_Exercise brief_
Repeat every record below exactly, leaving out the pictures.

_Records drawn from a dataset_
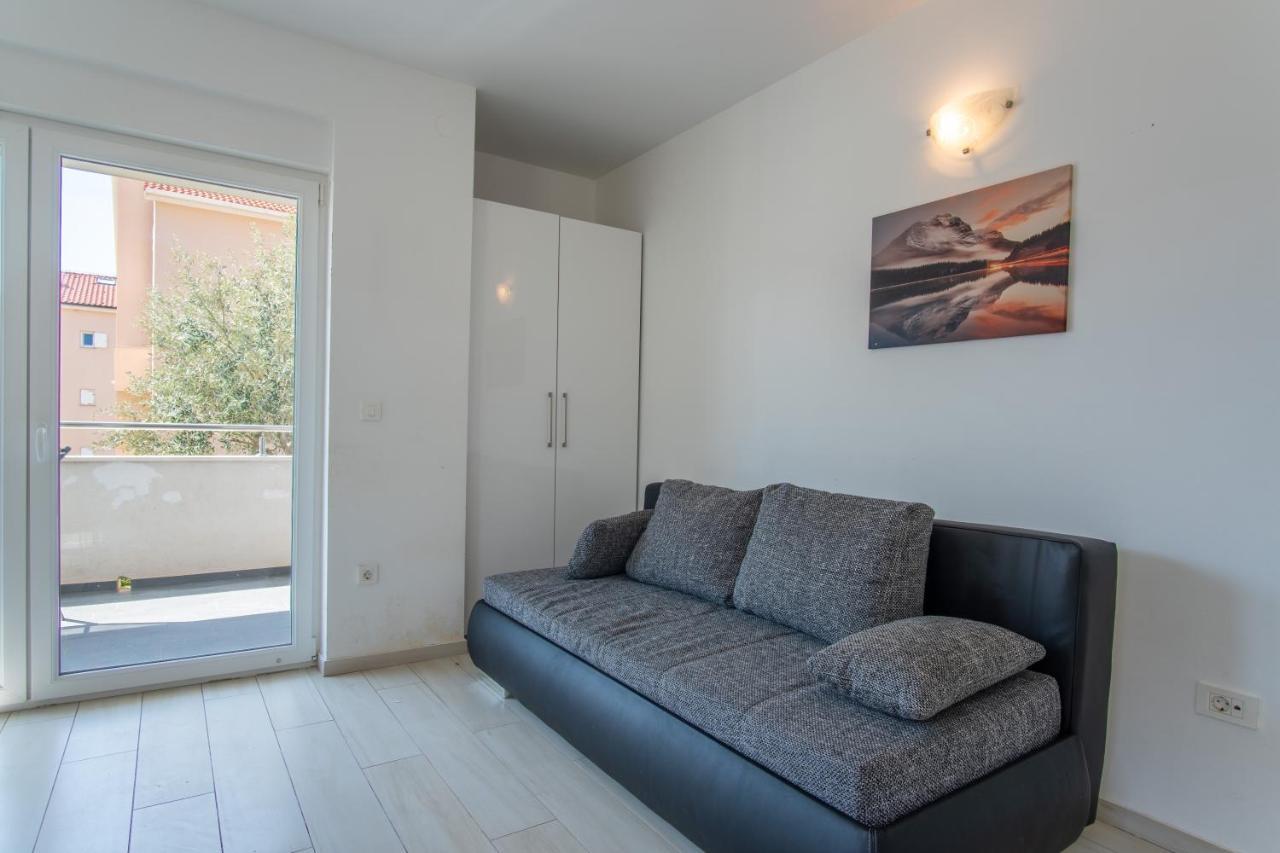 Novalja West Residence Екстер'єр фото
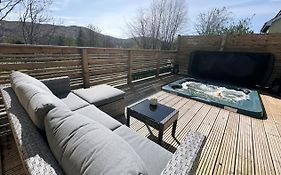 Waternish Apartment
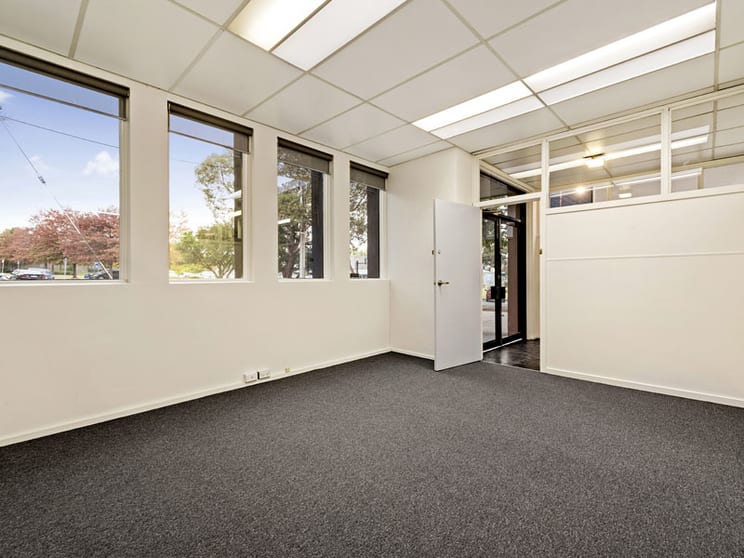 Click to view all images 8 Glendale Street Nunawading VIC 3131 - Image 2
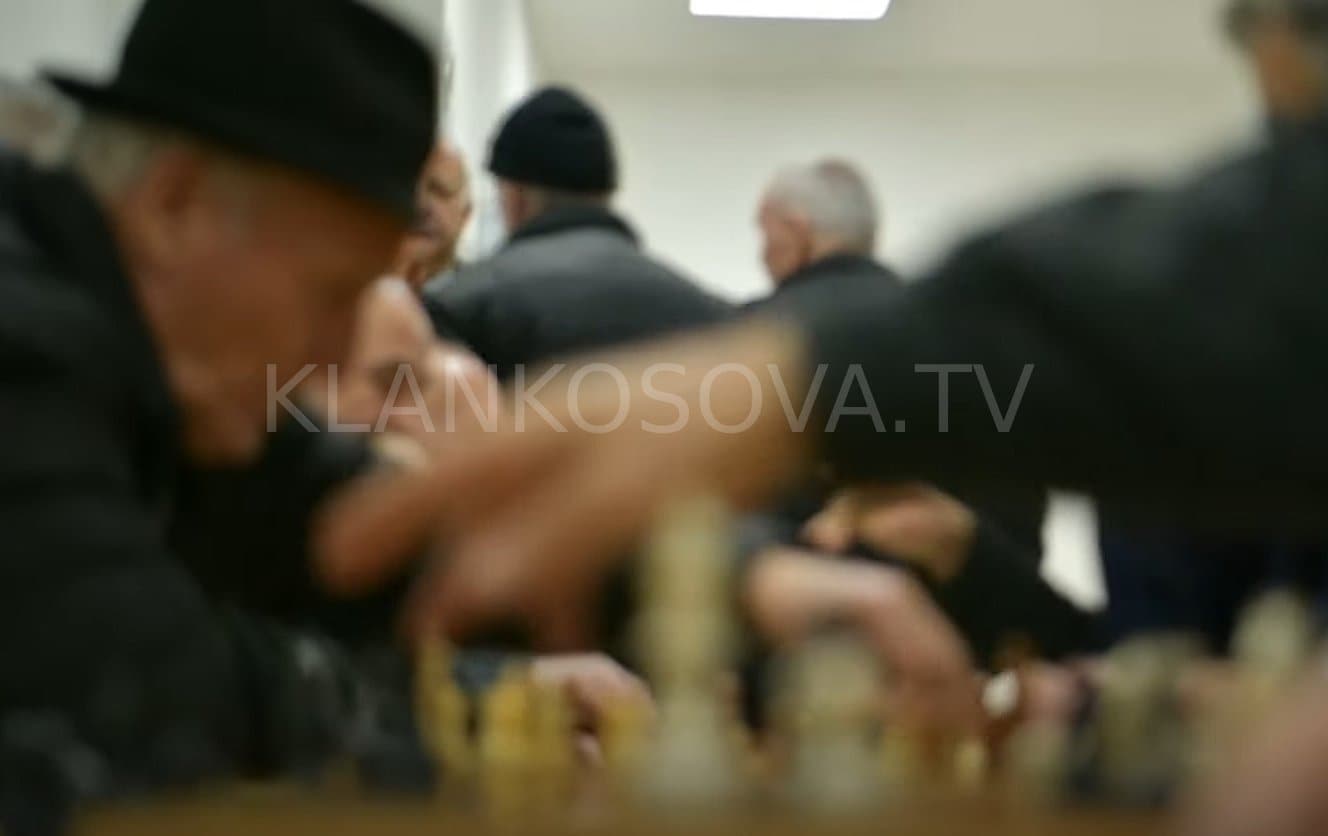 Pensionet kontribut-paguese, Supremja shfuqizon kriterin diskriminues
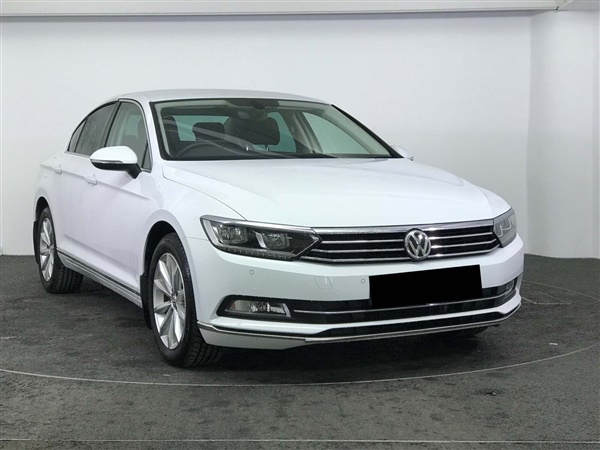 Volkswagen Passat 1.4 TSI SE Business (s/s) 4dr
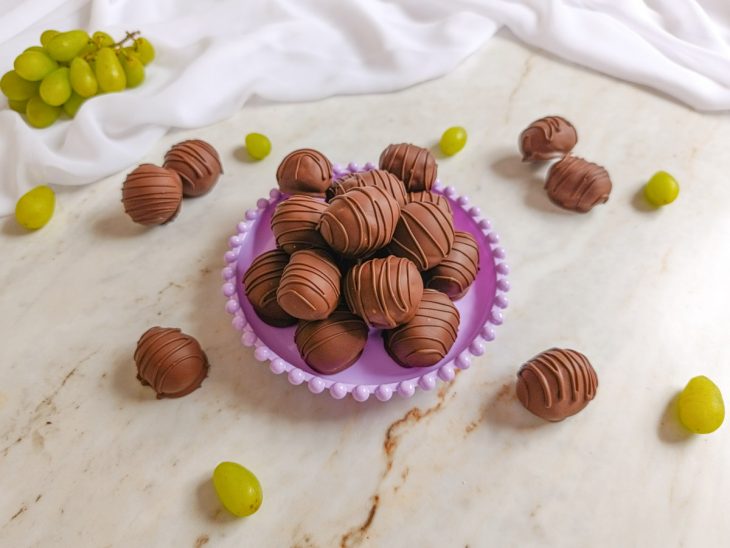 Bombons prontos, servidos em pratinho.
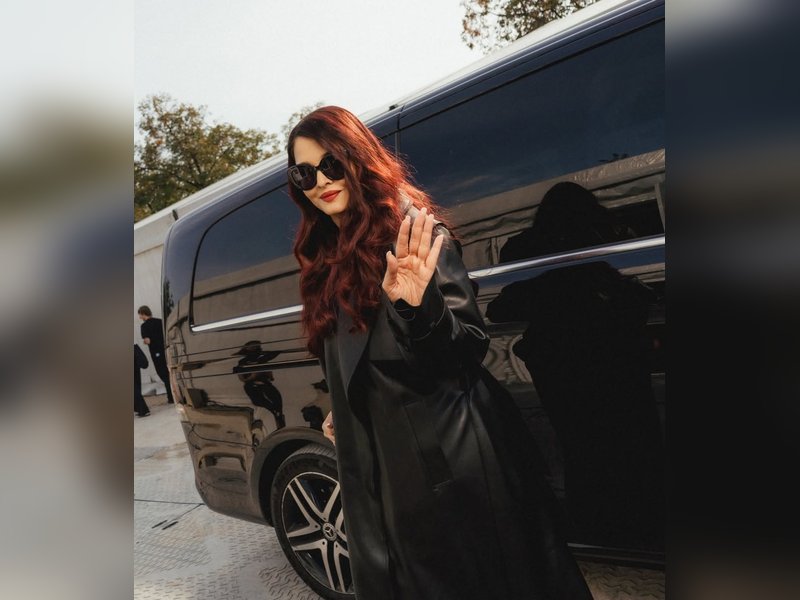 Aishwarya Rai Bachchan obliges to paps' request, asks them to pose for a group selfie
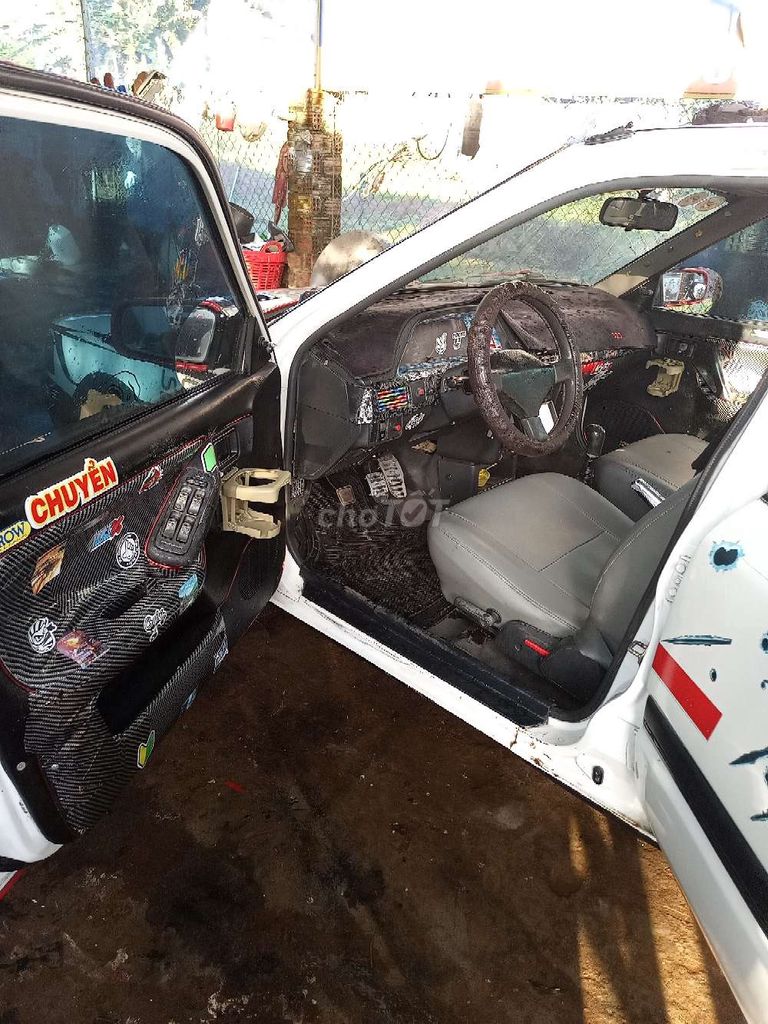 Mazda 323 Trắng 2000km. Mua bán Ô tô tại Huyện Krông Pắc Đắk Lắk được đăng bởi hau  hình 9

_Written response_
 Novalja West Residence Екстер'єр фото
 Waternish Apartment
 Click to view all images 8 Glendale Street Nunawading VIC 3131 - Image 2
 Pensionet kontribut-paguese, Supremja shfuqizon kriterin diskriminues
 Volkswagen Passat 1.4 TSI SE Business (s/s) 4dr
 Bombons prontos, servidos em pratinho.
 Aishwarya Rai Bachchan obliges to paps' request, asks them to pose for a group selfie
 Mazda 323 Trắng 2000km. Mua bán Ô tô tại Huyện Krông Pắc Đắk Lắk được đăng bởi hau  hình 9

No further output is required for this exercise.